点击右侧三个点,选择“Uninstall Operator”:

OCP的operator——(4)用户任务:使用Operator创建etcd集群_第10张图片

使用CLI从OperatorHub安装

查看当前身份:

$ oc whoami
kubeadmin

查看OperatorHub中集群可用的Operator列表:

$ oc get packagemanifests -n openshift-marketplace
NAME                                               CATALOG               AGE
forklift-operator                                  Community Operators   34d
debezium-operator                                  Community Operators   34d
pcc-operator                                       Certified Operators   34d
......
etcd                                               Community Operators   34d
......

检查所需Operator,以验证其支持的安装模式和可用频道:

$ oc describe packagemanifests etcd -n openshift-marketplace
Name:         etcd
Namespace:    openshift-marketplace
Labels:       catalog=community-operators
              catalog-namespace=openshift-marketplace
              operatorframework.io/arch.amd64=supported
              operatorframework.io/os.linux=supported
              provider=CNCF
              provider-url=
Annotations:  
API Version:  packages.operators.coreos.com/v1
Kind:         PackageManifest
Metadata:
  Creation Timestamp:  2024-01-10T10:34:13Z
Spec:
Status:
  Catalog Source:               community-operators
  Catalog Source Display Name:  Community Operators
  Catalog Source Namespace:     openshift-marketplace
  Catalog Source Publisher:     Red Hat
  Channels:
    Current CSV:  etcdoperator.v0.6.1
    Current CSV Desc:
      Annotations:
        Capabilities:           Full Lifecycle
        Description:            etcd is a distributed key value store providing a reliable way to store data across a cluster of machines.
        Tectonic - Visibility:  ocs
      Apiservicedefinitions:
      Customresourcedefinitions:
        Owned:
          Description:   Represents a cluster of etcd nodes.
          Display Name:  etcd Cluster
          Kind:          EtcdCluster
          Name:          etcdclusters.etcd.database.coreos.com
          Version:       v1beta2
      Description:       etcd is a distributed key value store that provides a reliable way to store data across a cluster of machines.

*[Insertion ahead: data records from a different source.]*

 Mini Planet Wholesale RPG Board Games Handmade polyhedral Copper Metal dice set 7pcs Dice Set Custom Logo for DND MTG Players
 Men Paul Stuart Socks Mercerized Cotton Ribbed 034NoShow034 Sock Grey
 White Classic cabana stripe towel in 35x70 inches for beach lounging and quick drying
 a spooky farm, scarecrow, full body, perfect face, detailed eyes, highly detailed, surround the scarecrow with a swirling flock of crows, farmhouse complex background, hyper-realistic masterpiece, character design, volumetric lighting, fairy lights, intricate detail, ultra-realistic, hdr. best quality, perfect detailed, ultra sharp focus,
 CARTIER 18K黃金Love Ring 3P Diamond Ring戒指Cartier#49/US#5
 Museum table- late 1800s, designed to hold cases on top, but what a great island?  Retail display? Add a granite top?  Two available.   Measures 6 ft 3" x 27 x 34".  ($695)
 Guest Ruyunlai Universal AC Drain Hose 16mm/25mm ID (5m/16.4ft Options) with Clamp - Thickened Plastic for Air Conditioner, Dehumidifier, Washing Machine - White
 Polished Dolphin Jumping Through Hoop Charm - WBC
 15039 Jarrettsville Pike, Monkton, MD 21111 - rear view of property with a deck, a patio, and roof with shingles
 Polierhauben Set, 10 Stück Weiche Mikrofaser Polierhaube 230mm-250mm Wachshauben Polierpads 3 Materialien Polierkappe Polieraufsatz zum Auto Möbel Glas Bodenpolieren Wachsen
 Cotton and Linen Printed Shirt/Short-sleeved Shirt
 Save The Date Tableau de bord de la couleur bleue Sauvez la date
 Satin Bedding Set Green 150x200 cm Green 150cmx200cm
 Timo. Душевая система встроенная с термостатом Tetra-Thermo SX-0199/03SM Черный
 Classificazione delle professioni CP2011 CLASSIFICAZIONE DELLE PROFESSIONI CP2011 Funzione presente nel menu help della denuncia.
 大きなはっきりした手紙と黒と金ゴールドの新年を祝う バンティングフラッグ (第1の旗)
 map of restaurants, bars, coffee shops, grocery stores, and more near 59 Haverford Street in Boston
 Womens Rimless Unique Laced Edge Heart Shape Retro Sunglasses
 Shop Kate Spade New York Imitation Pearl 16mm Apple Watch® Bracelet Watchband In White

It’s open-source and available on GitHub. etcd gracefully handles leader elections during network partitions and will tolerate machine failure, including the leader. Your applications can read and write data into etcd.
A simple use-case is to store database connection details or feature flags within etcd as key value pairs. These values can be watched, allowing your app to reconfigure itself when they change. Advanced uses take advantage of the consistency guarantees to implement database leader elections or do distributed locking across a cluster of workers.

_The etcd Open Cloud Service is Public Alpha. The goal before Beta is to fully implement backup features._

### Reading and writing to etcd

Communicate with etcd though its command line utility `etcdctl` or with the API using the automatically generated Kubernetes Service.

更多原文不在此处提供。